*Problem details*
Starting at the first line of the records and stopping at the line that contains "New views of", transcribe every line exactly and leave out the pictures.

*Exercise data*
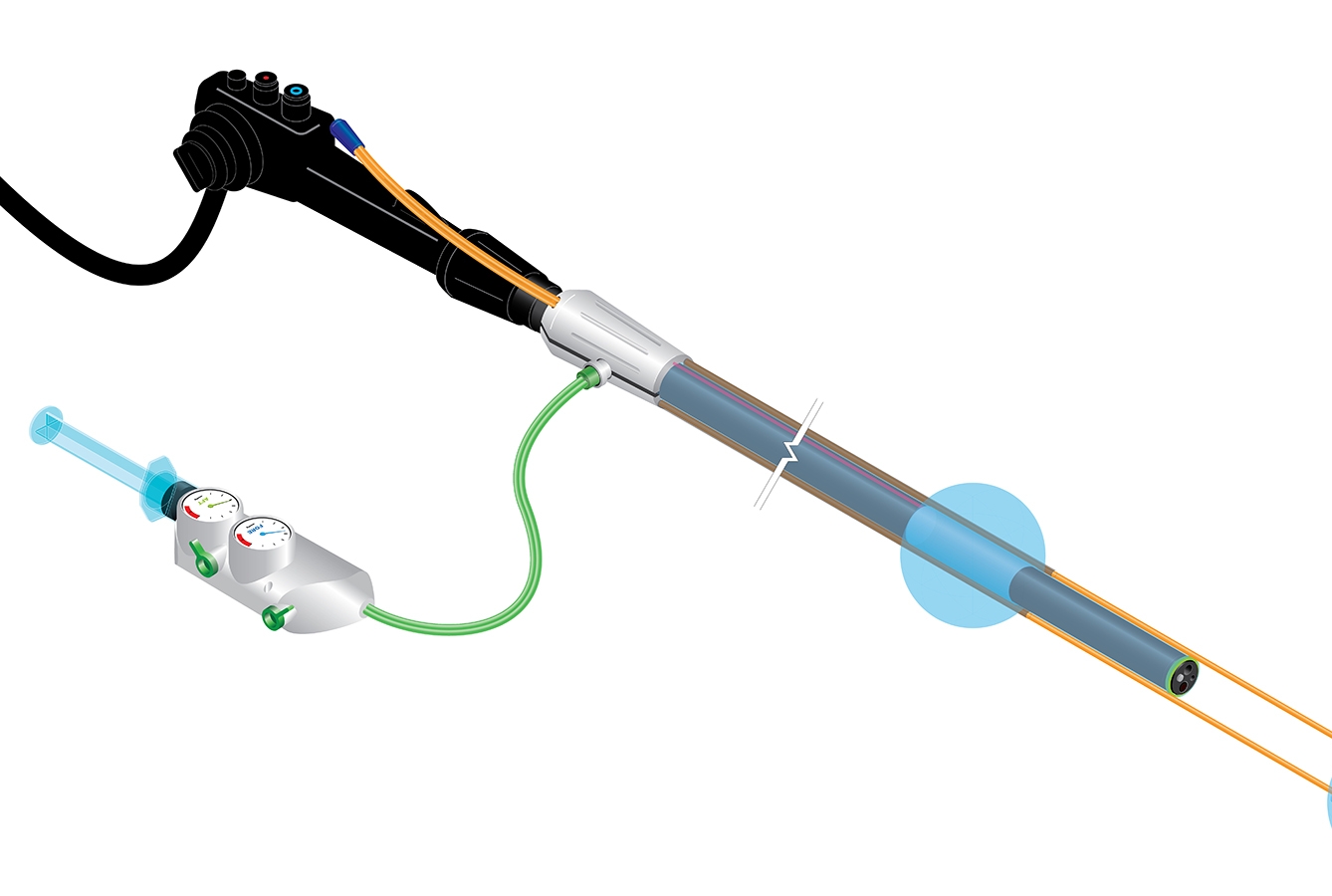 Endolumenal Surgical Platform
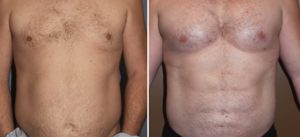 pectoral-implants-and-abdominal-etching-result-front-view-dr-barry-eppley-indianapolis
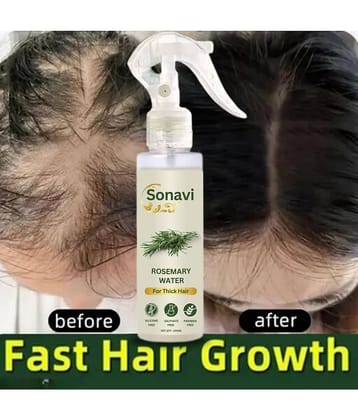 Sonavi Hair Growth Rosemary Oil 100 ml ( Pack of 1 )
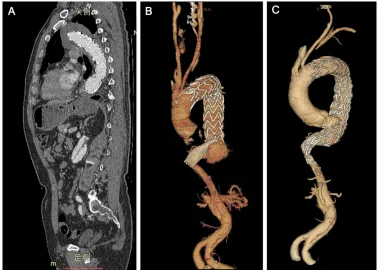 Figure 2 (A) Vertical plane of the patient after the first TEVAR. (B) 3D aorta reconstruction of the patient before the second intervention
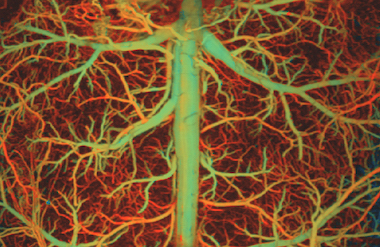 New views of vasculature: details from photoacoustics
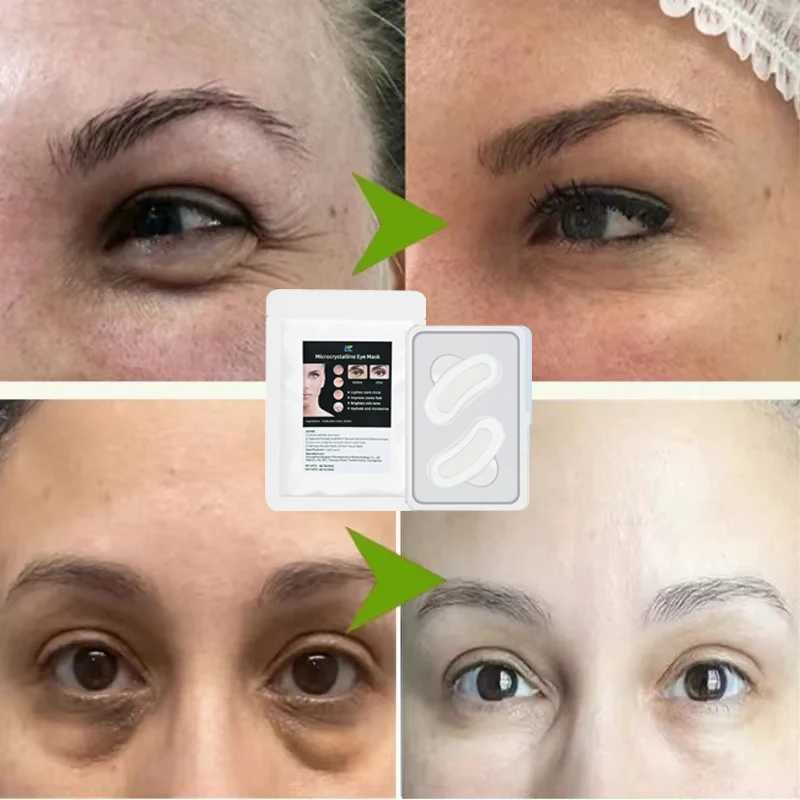 Hyaluronic Eye Mask Anti-Wrinkle Eye Patches Hydrating Moisturizing Smooth Crows feet Eye Care Dark CirclesXJ250224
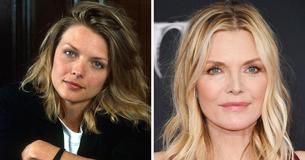 Ageless Michelle Pfeiffer, 63, Opens Up Regarding Plastic Surgery Thoughts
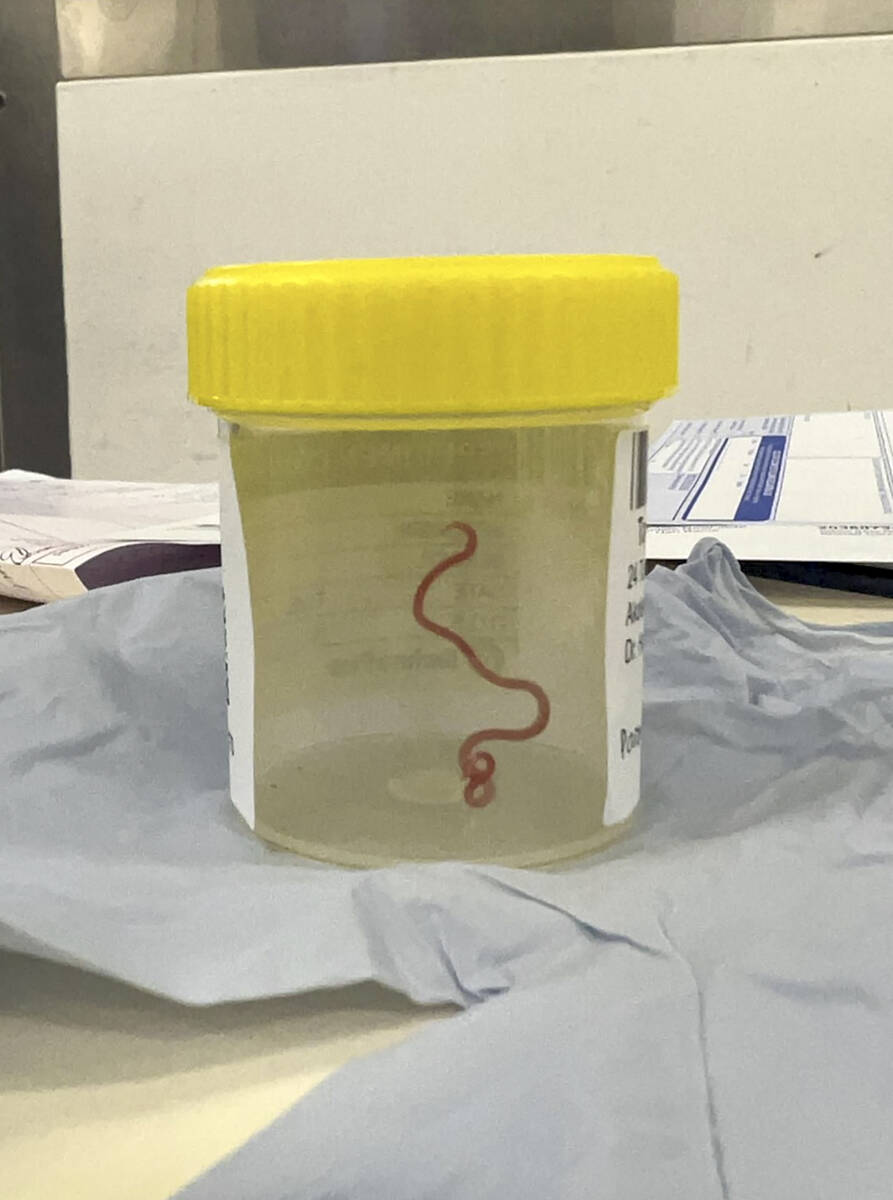 This undated photo supplied by Canberra Health Services, shows a parasite in a specimen jar at ...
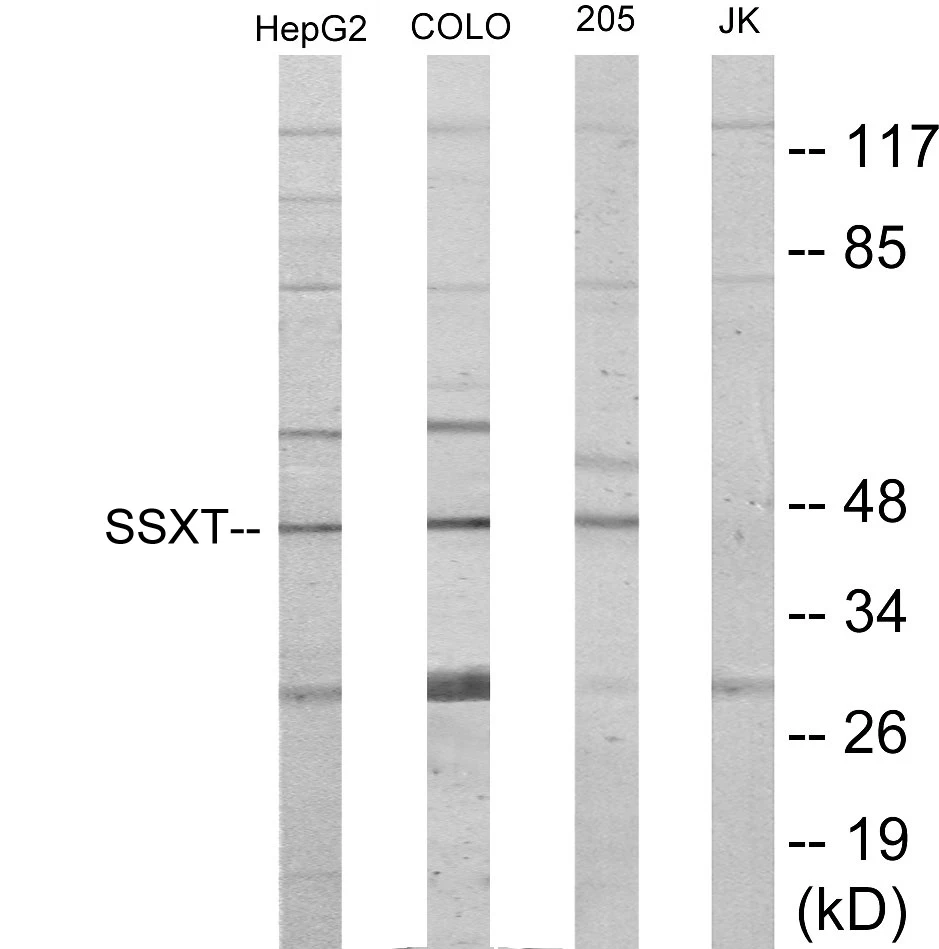 SSXT Cell Based ELISA Kit (A103295-96)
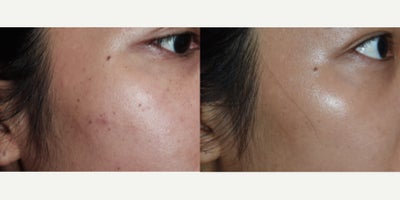DPN mole removal Los Angeles, dermatosis papulosa nigra. - If you have Asian or African American skin, it's possible you may get DPN moles as you get older.  These are really easy to get rid of in one visit with minimal downtime.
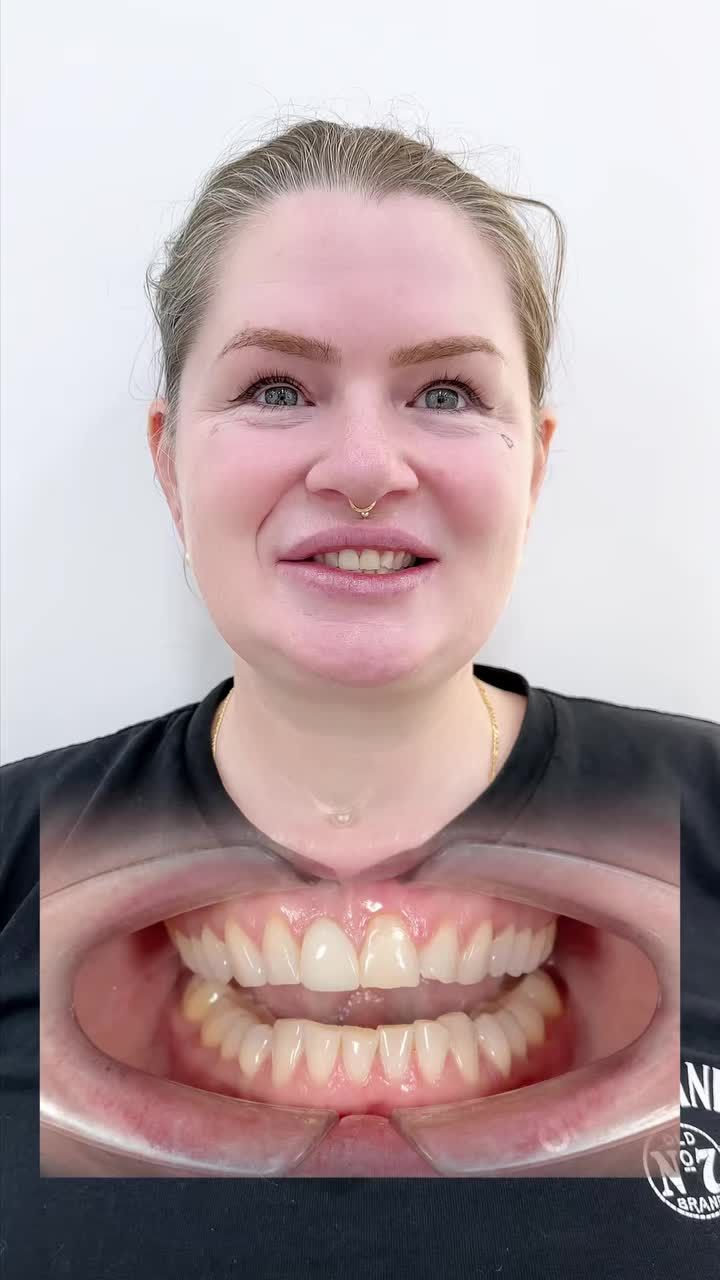 Mỗi nụ cười tại Win Smile đều mang theo một câu chuyện riêng, và câu chuyện của Alicia - vị khách đến từ nước Úc - bắt đầu từ một lời giới thiệu đầy tin tưởng của người bạn đã từng làm răng tại Win Smile trước đây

*Exercise answer*
 Endolumenal Surgical Platform
 pectoral-implants-and-abdominal-etching-result-front-view-dr-barry-eppley-indianapolis
 Sonavi Hair Growth Rosemary Oil 100 ml ( Pack of 1 )
 Figure 2 (A) Vertical plane of the patient after the first TEVAR. (B) 3D aorta reconstruction of the patient before the second intervention
 New views of vasculature: details from photoacoustics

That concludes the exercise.